# [ABOUT THIS TASK]
Transcribe the whole listing without a single picture.

# [GIVEN DATA]
************

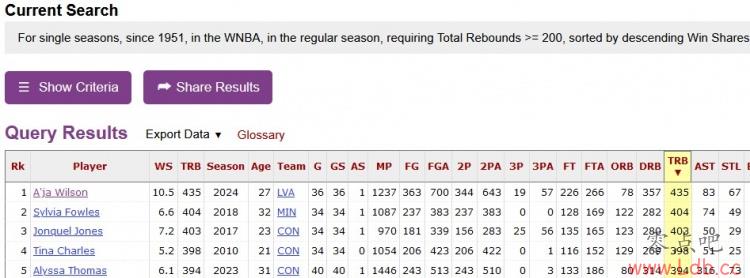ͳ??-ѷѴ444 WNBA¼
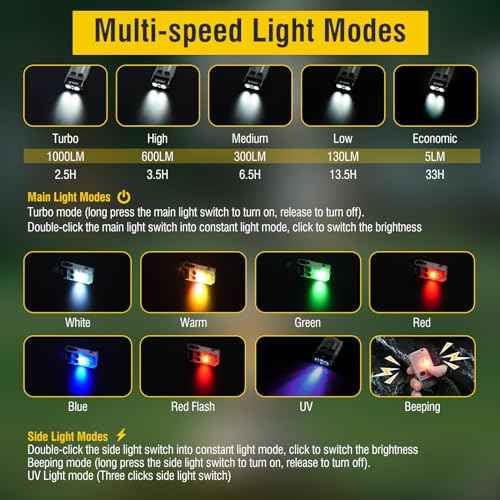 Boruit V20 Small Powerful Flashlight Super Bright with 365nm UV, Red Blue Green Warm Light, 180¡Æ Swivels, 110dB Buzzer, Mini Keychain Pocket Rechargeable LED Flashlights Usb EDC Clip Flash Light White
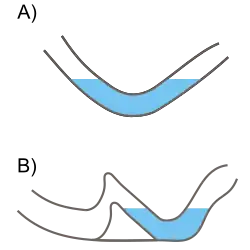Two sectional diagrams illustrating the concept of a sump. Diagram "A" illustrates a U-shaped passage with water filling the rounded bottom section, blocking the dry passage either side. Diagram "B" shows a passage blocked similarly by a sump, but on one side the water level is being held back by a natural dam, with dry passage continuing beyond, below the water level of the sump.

************

# [YOUR RESPONSE]
ͳ??-ѷѴ444 WNBA¼
 Boruit V20 Small Powerful Flashlight Super Bright with 365nm UV, Red Blue Green Warm Light, 180¡Æ Swivels, 110dB Buzzer, Mini Keychain Pocket Rechargeable LED Flashlights Usb EDC Clip Flash Light White
Two sectional diagrams illustrating the concept of a sump. Diagram "A" illustrates a U-shaped passage with water filling the rounded bottom section, blocking the dry passage either side. Diagram "B" shows a passage blocked similarly by a sump, but on one side the water level is being held back by a natural dam, with dry passage continuing beyond, below the water level of the sump.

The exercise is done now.